** EXERCISE OBJECTIVE **
Search the listing below for the line containing "1404 N Atlantic". From there through the line containing "Thumbnail: 2020 Chrysler Pacifica - 5", transcribe every line exactly, both ends included.

** RECORDS **
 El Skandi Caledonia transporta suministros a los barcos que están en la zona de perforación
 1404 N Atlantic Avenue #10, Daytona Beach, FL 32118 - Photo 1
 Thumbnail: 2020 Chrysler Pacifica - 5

---

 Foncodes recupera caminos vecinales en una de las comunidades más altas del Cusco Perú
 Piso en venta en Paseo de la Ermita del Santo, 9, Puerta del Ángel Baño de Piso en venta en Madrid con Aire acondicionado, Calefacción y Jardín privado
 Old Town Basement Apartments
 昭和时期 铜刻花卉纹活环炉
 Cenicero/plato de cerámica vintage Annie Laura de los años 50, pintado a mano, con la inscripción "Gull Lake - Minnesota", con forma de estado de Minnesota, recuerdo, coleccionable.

--

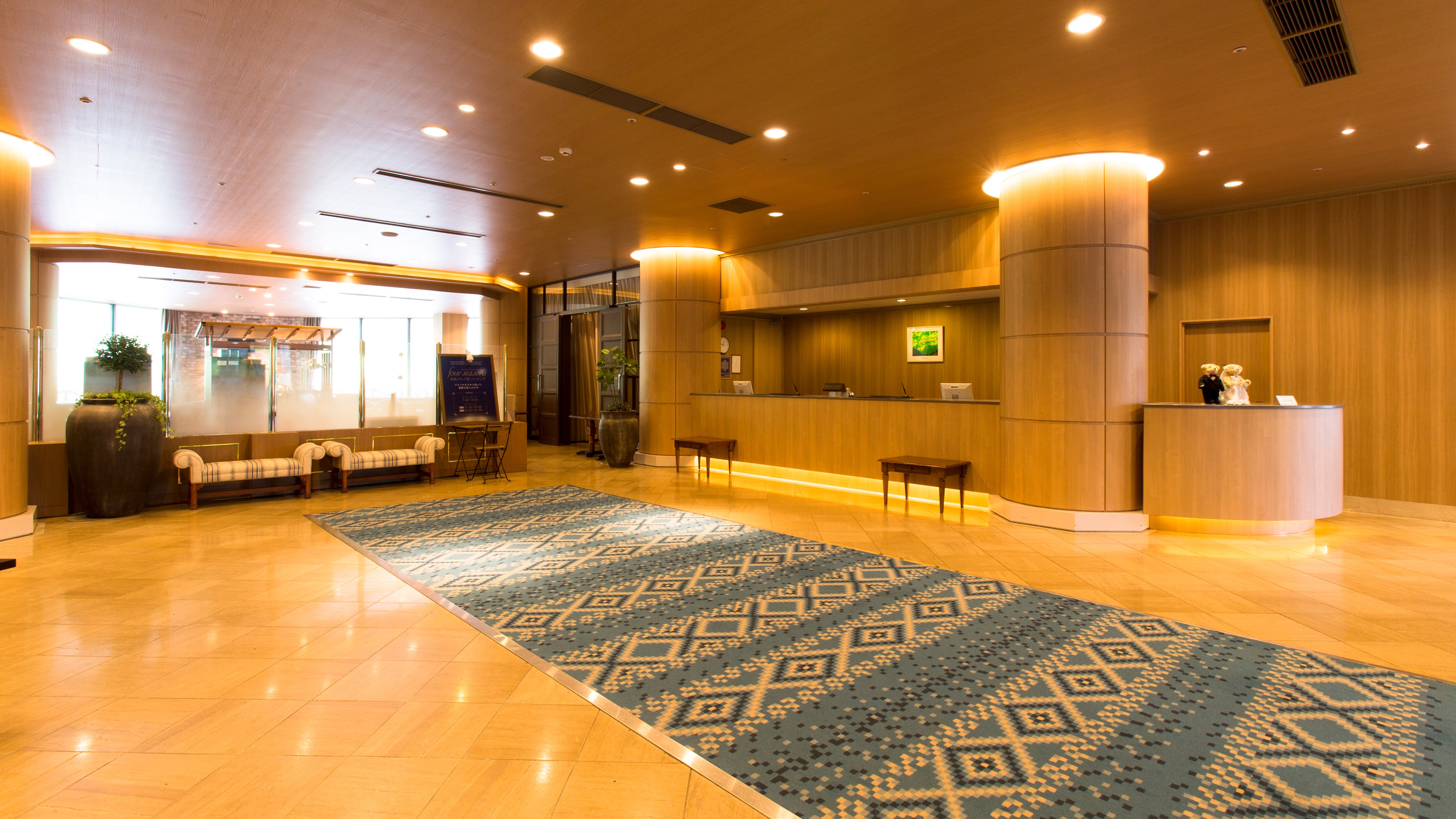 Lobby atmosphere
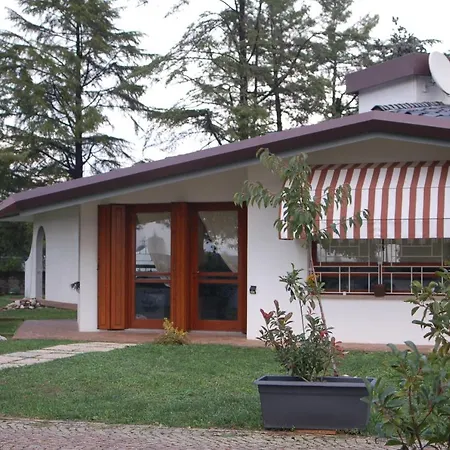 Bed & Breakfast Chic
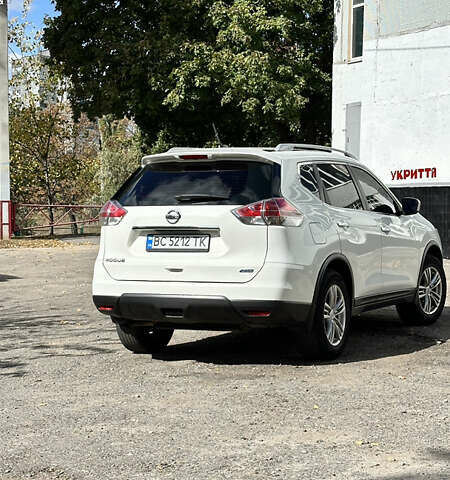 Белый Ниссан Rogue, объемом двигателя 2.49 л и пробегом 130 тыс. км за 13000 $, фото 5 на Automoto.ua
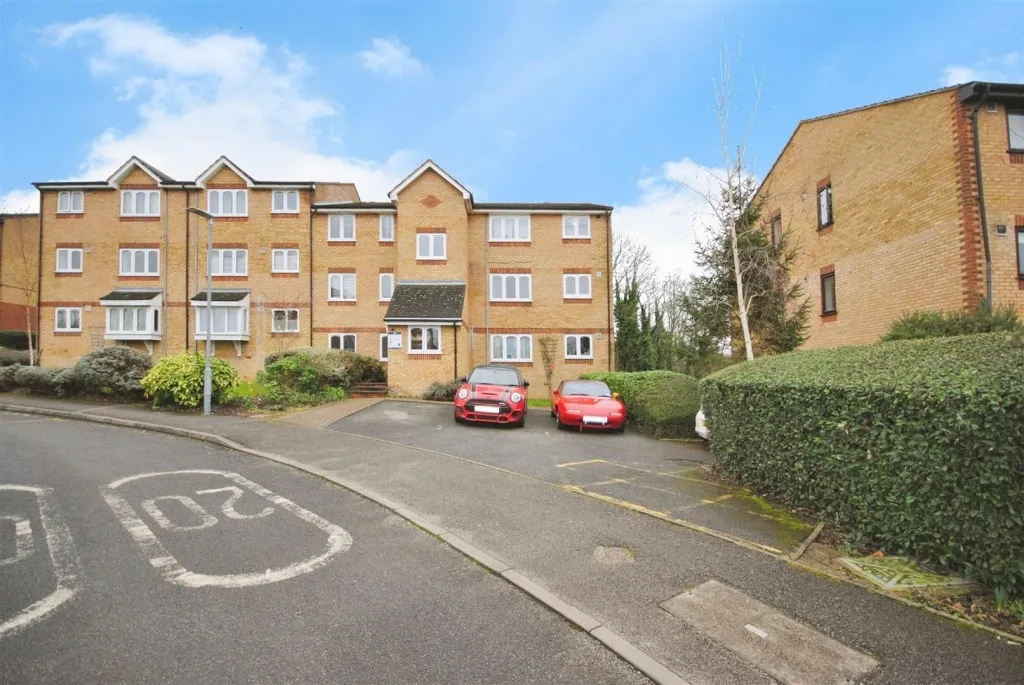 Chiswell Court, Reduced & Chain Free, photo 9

** FINAL ANSWER **
 1404 N Atlantic Avenue #10, Daytona Beach, FL 32118 - Photo 1
 Thumbnail: 2020 Chrysler Pacifica - 5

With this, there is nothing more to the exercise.